Trait `Copy` marks types whose move can be replaced by a bitwise duplication. It can be auto-derived (`#[derive(Copy, Clone)]`) only when every field is itself Copy. Any type that owns heap memory (String, Vec, Box) cannot implement Copy - doing so would break the single-ownership invariant and cause a double-free at drop time.
Why does `String` not implement trait `Copy` while `i32` does?
Borrow checker: shared and exclusive references
Move is too rigid for everyday code: a function that only reads a value should not seize it. Rust adds **borrowing** - temporary references that do not transfer ownership. There are two flavours: `&T` (shared, immutable) and `&mut T` (exclusive, mutable). The central invariant of the borrow checker: at every program point, for every value, there exist either any number of `&T` or exactly one `&mut T` - never both. This invariant, known as aliasing XOR mutability, formally rules out data races at compile time.
Since 2018 the borrow checker uses **non-lexical lifetimes** (NLL): a reference's lifetime is no longer tied to its enclosing `{}` block but to its last use in the control-flow graph. Before NLL, code had to be reshuffled with artificial scopes; after NLL the compiler infers that a reference is no longer needed and permits new borrows to begin.
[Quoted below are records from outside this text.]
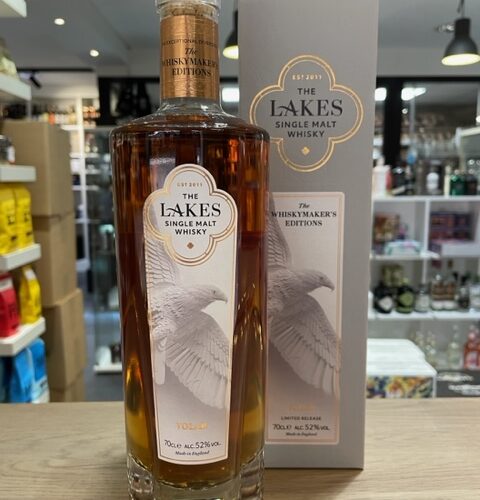 The lakes volar the whiskymaker's edition benelux 2022 52% 70cl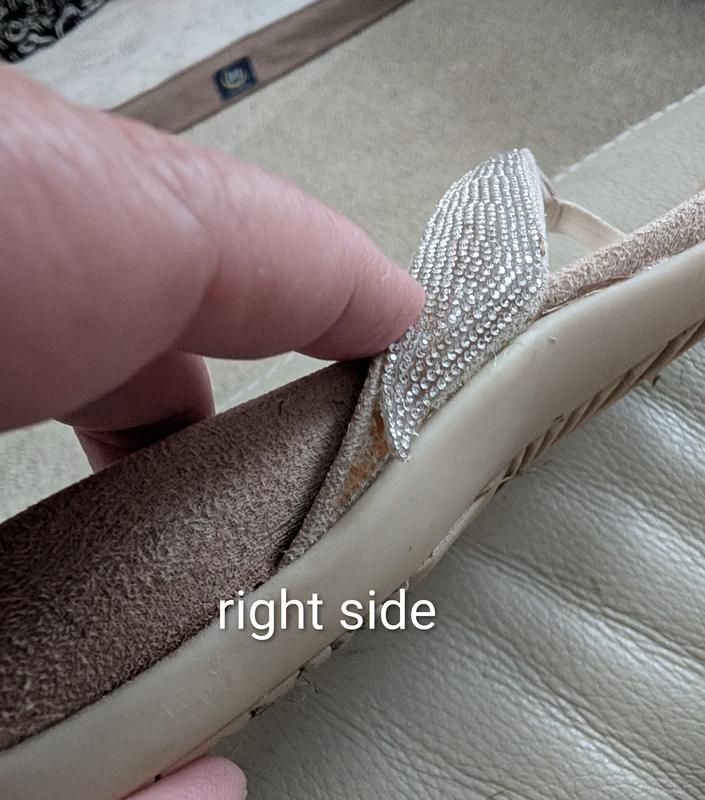 Customer photo for "Lacking Quality"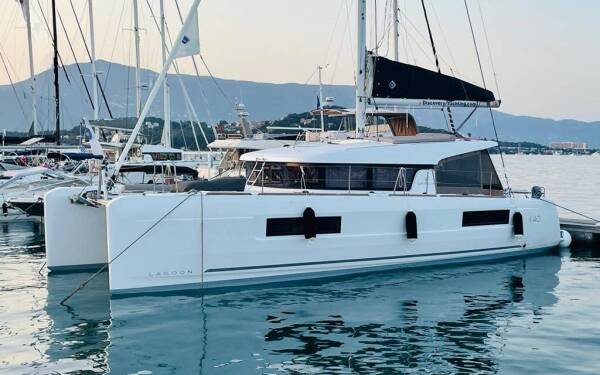 Lagoon 40 Fratelli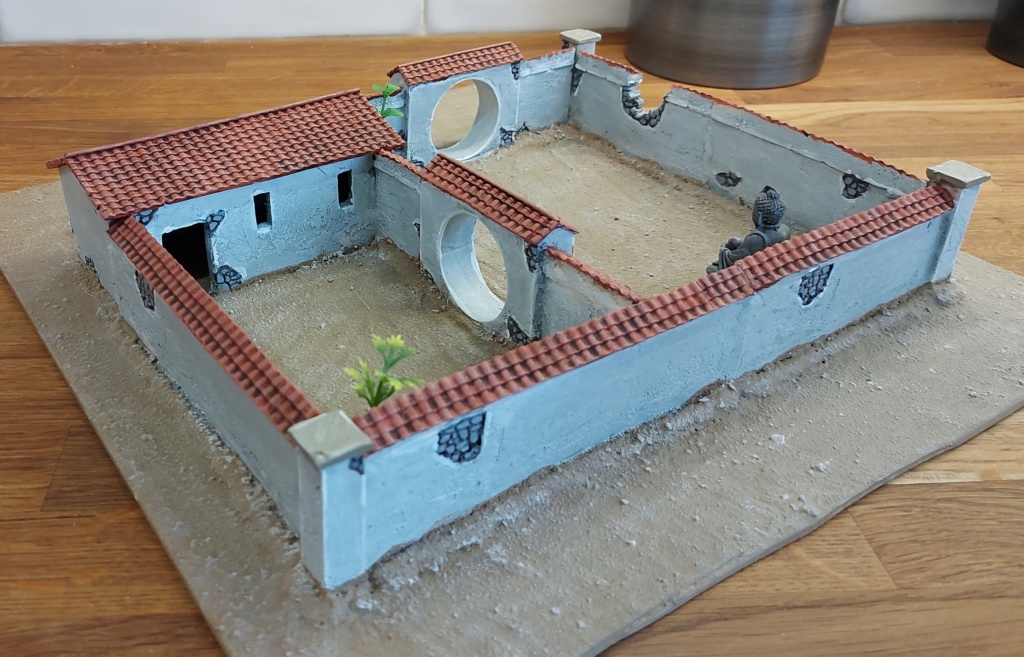 28mm village WIP 20210612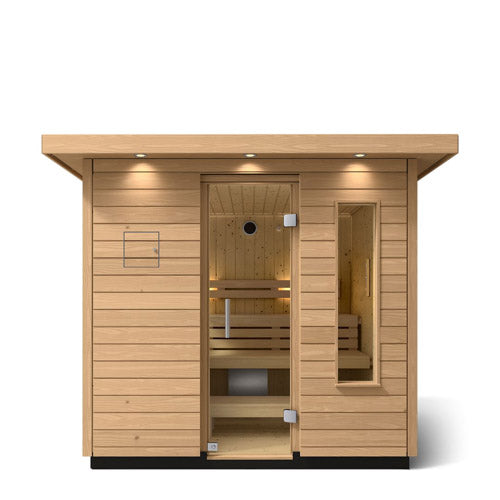 Kohler C2 Outdoor Sauna Kit – Douglas Fir (Up to 6 Persons)
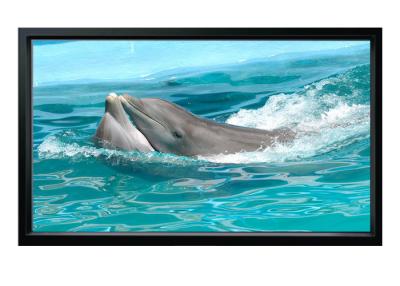 China 1280 X 800 Digital Advertising Displays , Waterpoof Ultra Thin Retail Digital Signage for sale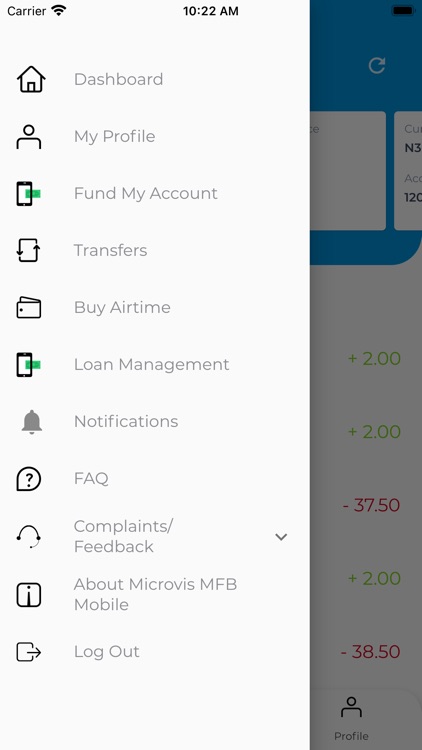 Microvis Mfb Mobile screenshot-3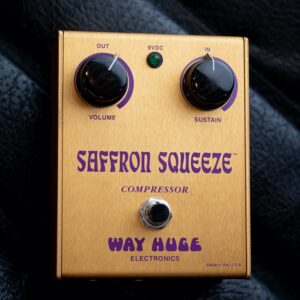 1992 Way Huge Saffron Squeeze Compressor Pedal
Aliasing XOR mutability is not merely a pragmatic rule; it is an invariant that validates a whole class of optimizations. The compiler may assume that data behind `&T` does not change under it, and that data behind `&mut T` is observed by no one else. This is equivalent to the C `restrict` keyword applied to every Rust program for free.
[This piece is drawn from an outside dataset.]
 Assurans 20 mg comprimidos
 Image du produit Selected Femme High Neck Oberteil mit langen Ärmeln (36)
What does 'aliasing XOR mutability' prevent in a single-threaded program (no concurrency)?
Lifetimes and elision
Every reference carries a **lifetime** - the region of code over which it is guaranteed to be valid. A lifetime is an ordinary type parameter (like a generic), denoted with an apostrophe: `&'a T` reads as 'reference with lifetime 'a to T'. The compiler requires that the lifetime of a reference never exceed the lifetime of the data it points to. Returning a reference to a local variable is rejected: the local is destroyed at return, while the reference would outlive it - a dangling pointer.
Most lifetimes are inferred automatically by **lifetime elision** rules: (1) each reference parameter gets its own lifetime; (2) if there is a single input lifetime, it is propagated to every output reference; (3) if `&self` is present, its lifetime is propagated to the output. Explicit annotation is required only when elision is ambiguous - typically when returning a reference picked among several inputs.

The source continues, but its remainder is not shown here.